With the unanimous vote Tuesday, it is unlikely the Council will change its mind to any significant degree when the ordinance comes up for a second and final approval at the October 24 meeting. So inquiries would be timely even now.

Essentially, the change, the first related to this matter since 1996, would increase the minimum square footage of eligible projects from 5,000 to 10,000 square feet of improved, expanded or new space for projects to make them eligible under the program. A qualified project would also be required to increase a building’s assessed value by at least 100 percent (compared to 50 percent now).

Also, the qualified tax abatements will be 100 percent on assessed values attributable to improvements for the first five years and 50 percent during the next five years (compared to the current cap at five years).

In the last 20 years, there have been six projects that qualified for abatements under the current code, mostly building rehabs, and none that have added significant new commercial space to the City’s inventory.

There are currently 75 commercial buildings in the City that are at least 20 years old and at least 10,000 square feet (an average of 28,085 square feet).

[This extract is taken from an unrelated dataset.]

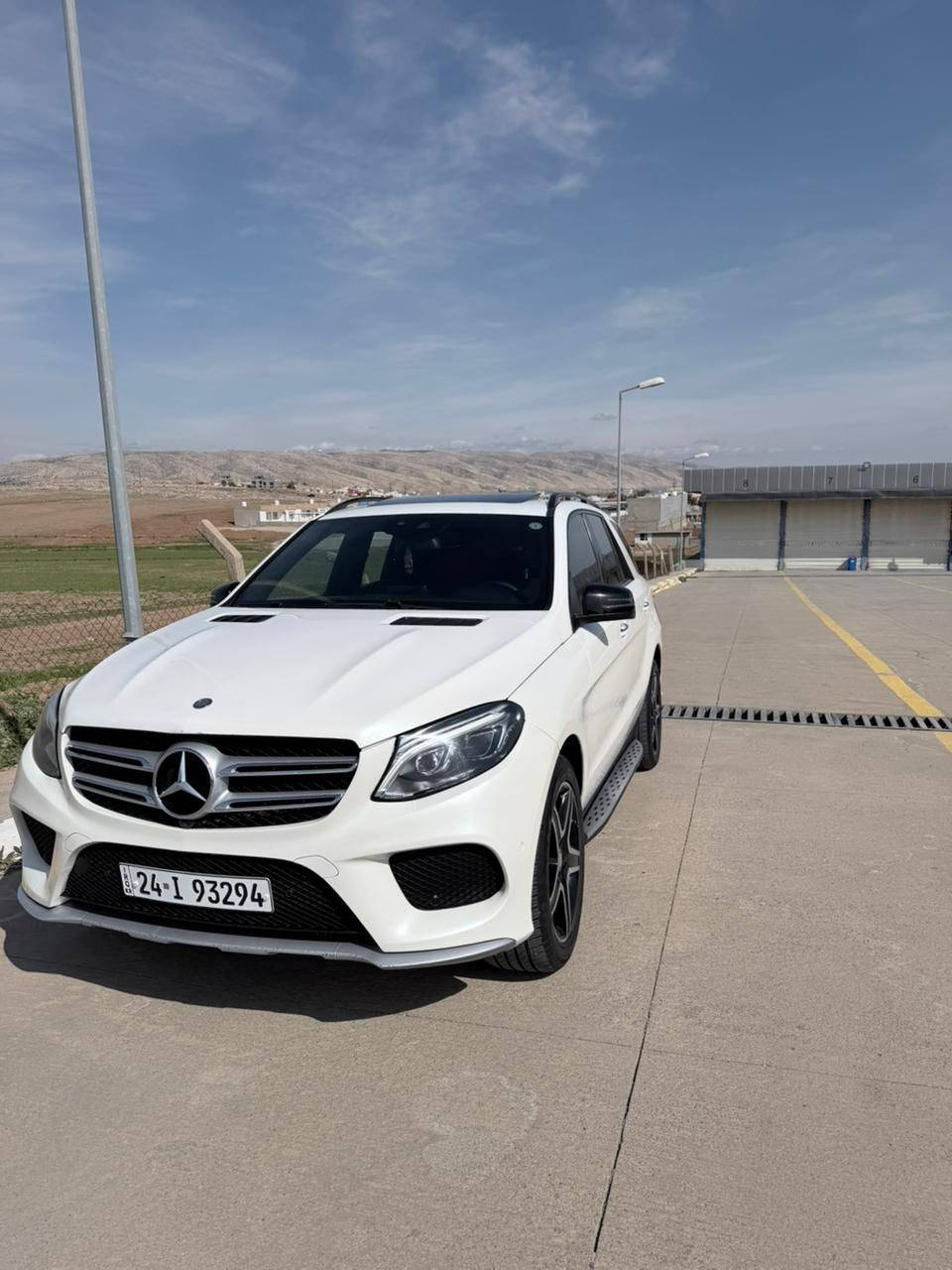 موديل 2016 السعر 225$بيها ثلاث قطع بولند وجاملغات  داخلة كلين هنا الحادث ايرباك راجع سستم شركة كات AMG فول سلايت عدا بانوراما العنوان بغداد كرادة رقم الهاتف ***********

The new ordinance could also apply to buildings over 20 years old that are currently less than 10,000 square feet, but could be expanded by new work to over 10,000 square feet.

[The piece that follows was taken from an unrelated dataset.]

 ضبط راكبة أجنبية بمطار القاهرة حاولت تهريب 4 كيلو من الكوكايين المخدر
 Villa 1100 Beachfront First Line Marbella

Some on the Council expressed the concern that a tax abatement amounts to giving away money to developers. Council member David Snyder asked, “How do we know if significantly more tax revenues will come from this?”

Mayor David Tarter challenged, this notion, saying the “give away” would apply to real estate that is currently generating almost no net taxes to the City, anyway. “We need this to incentivize a more balanced tax base,” he said. “We need more Class A office spaces in the City.”

Council member Dan Sze said the new terms “should be in our quiver of what the City has to offer.”

Young, speaking on behalf of both himself as a developer and as a member of the EDA, which originated the idea, said it is important to view the results from the standpoint of a 50 or 100 year horizon, not five or ten. “This covers properties where you are not getting anything now, and it requires a delayed gratification.”

He reiterated there are no sure things, but this provides a chance. “It is the market that will dictate and control this,” he said.

To be successful in filling office spaces like he has, Young told the News-Press yesterday, “You have to be flexible with prospective and existing tenants, and attentive to their needs.” He is currently working on filling the retail spaces at the Southgate Center, where work on its “Art Nouveau” facade and the parking lot are nearly completed.